Given material:
+===+

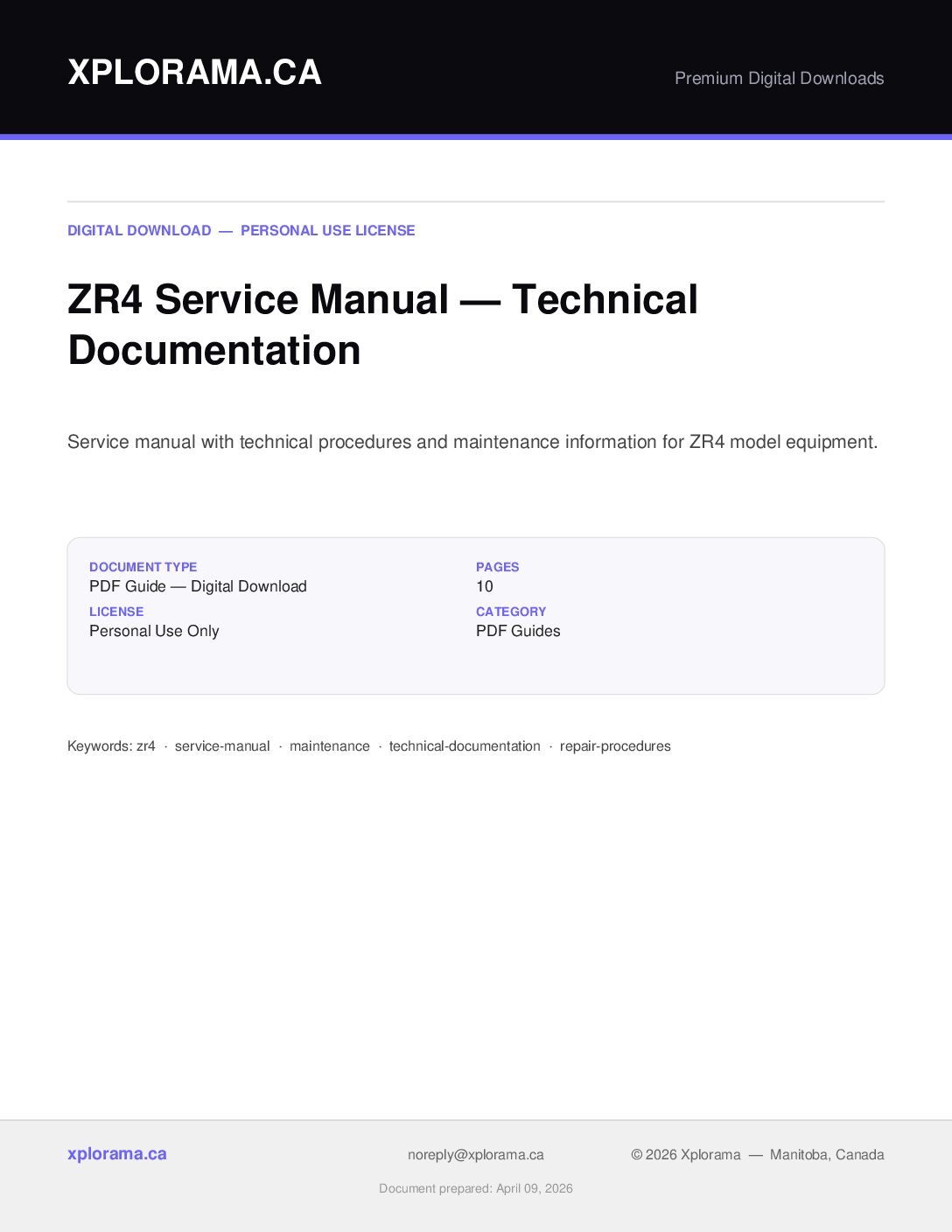 ZR4 Service Manual PDF - Complete Repair & Maintenance Guide
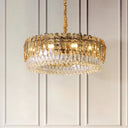 Modern Crystal Round Chandelier Pendant Light With 6/10 Silver Heads Ideal For Bedroom Suspension 6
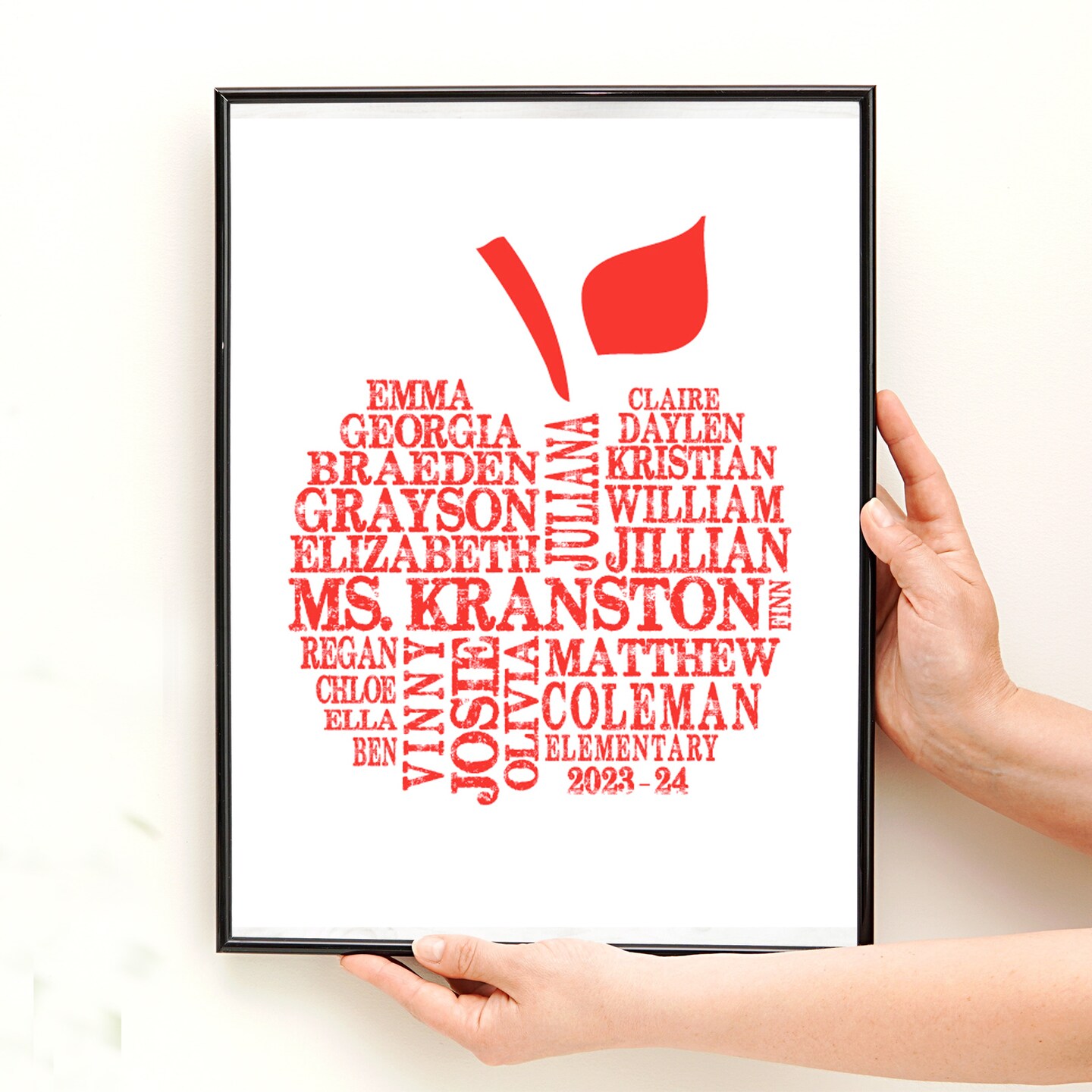 Custom Apple Word Cloud Print or Canvas for Teacher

+===+

When you reproduce the data shown above, keep each line exact and omit every picture.

 ZR4 Service Manual PDF - Complete Repair & Maintenance Guide
 Modern Crystal Round Chandelier Pendant Light With 6/10 Silver Heads Ideal For Bedroom Suspension 6
 Custom Apple Word Cloud Print or Canvas for Teacher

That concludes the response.